Ces opérations répondaient à une forte pression foncière, dans un contexte où la demande en espaces logistiques des opérateurs économiques nationaux et internationaux dépassait les 200 hectares. Les travaux réalisés, dans le respect des couloirs de navigation et de l’écosystème lagunaire, ont permis de dégager environ 45 hectares exploitables.
Ces espaces ont favorisé l’installation de plusieurs dizaines d’entreprises, dont des filiales de multinationales, en attendant la mise en valeur future de zones stratégiques prévues par le Plan national de développement (PND), notamment Azito, l’île Boulay et le cordon littoral ouest, une réserve foncière estimée à près de 2 500 hectares, encore inaccessible faute d’ouvrages de franchissement.

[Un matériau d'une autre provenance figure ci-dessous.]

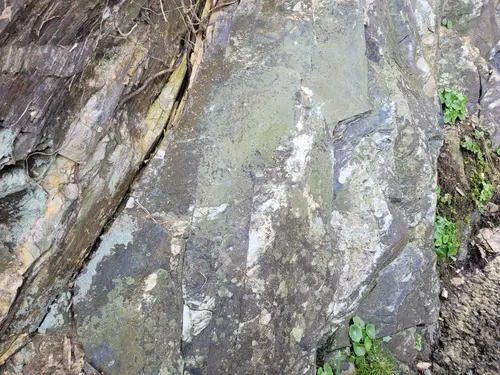 Stone8 texture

Les entrepôts construits sur ces remblais sont exploités dans le cadre de baux emphytéotiques, générant des redevances domaniales régulières au profit du PAA.

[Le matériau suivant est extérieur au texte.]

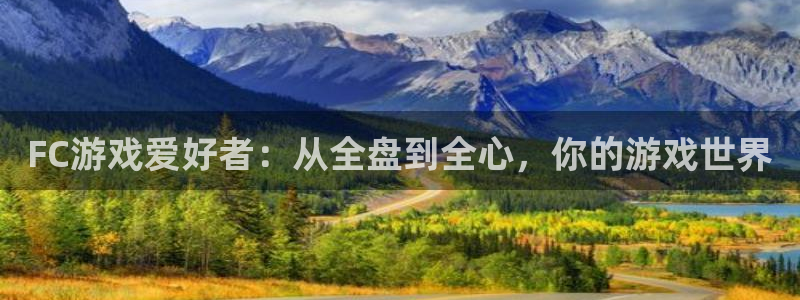 赢咖娱乐注册登录：FC游戏爱好者：从全盘到全心，你的游戏世界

Un impact environnemental contesté
Contrairement aux accusations relayées, les spécialistes interrogés estiment que les opérations de remblayage ne présentent pas de danger avéré pour la lagune. Ce type de travaux est courant dans les grands ports mondiaux, notamment à Rotterdam ou le long de la Seine à Paris.
« Rien ne s’est fait dans le désordre ni sans autorisation. Dans plusieurs cas, des opérateurs privés ont procédé aux remblais avant la cession des sites », souligne un expert du secteur portuaire.
Des performances qui parlent d’elles-mêmes
Au-delà de la polémique, les chiffres du Port autonome d’Abidjan témoignent d’une dynamique de croissance exceptionnelle. En 2024, le port a atteint un volume record de 40 millions de tonnes de fret, soit une hausse de 15 % par rapport aux 34,7 millions de tonnes enregistrées en 2023.
Selon des sources officielles, ce volume pourrait dépasser les 43 millions de tonnes en 2025, porté par des réformes majeures telles que, l’extension des quais, l’ouverture du nouveau terminal à conteneurs Côte d’Ivoire Terminal, la modernisation des infrastructures et la digitalisation des opérations portuaires.
Le trafic conteneurisé est ainsi passé de 840 926 EVP en 2022 à 1,6 million d’EVP en 2024, avec un objectif ambitieux de 2 millions d’EVP à l’horizon 2027.
Autant de résultats que plusieurs observateurs attribuent au leadership et au management stratégique de Hien Yacouba Sié, dont les performances semblent aujourd’hui susciter autant d’admiration que de résistances.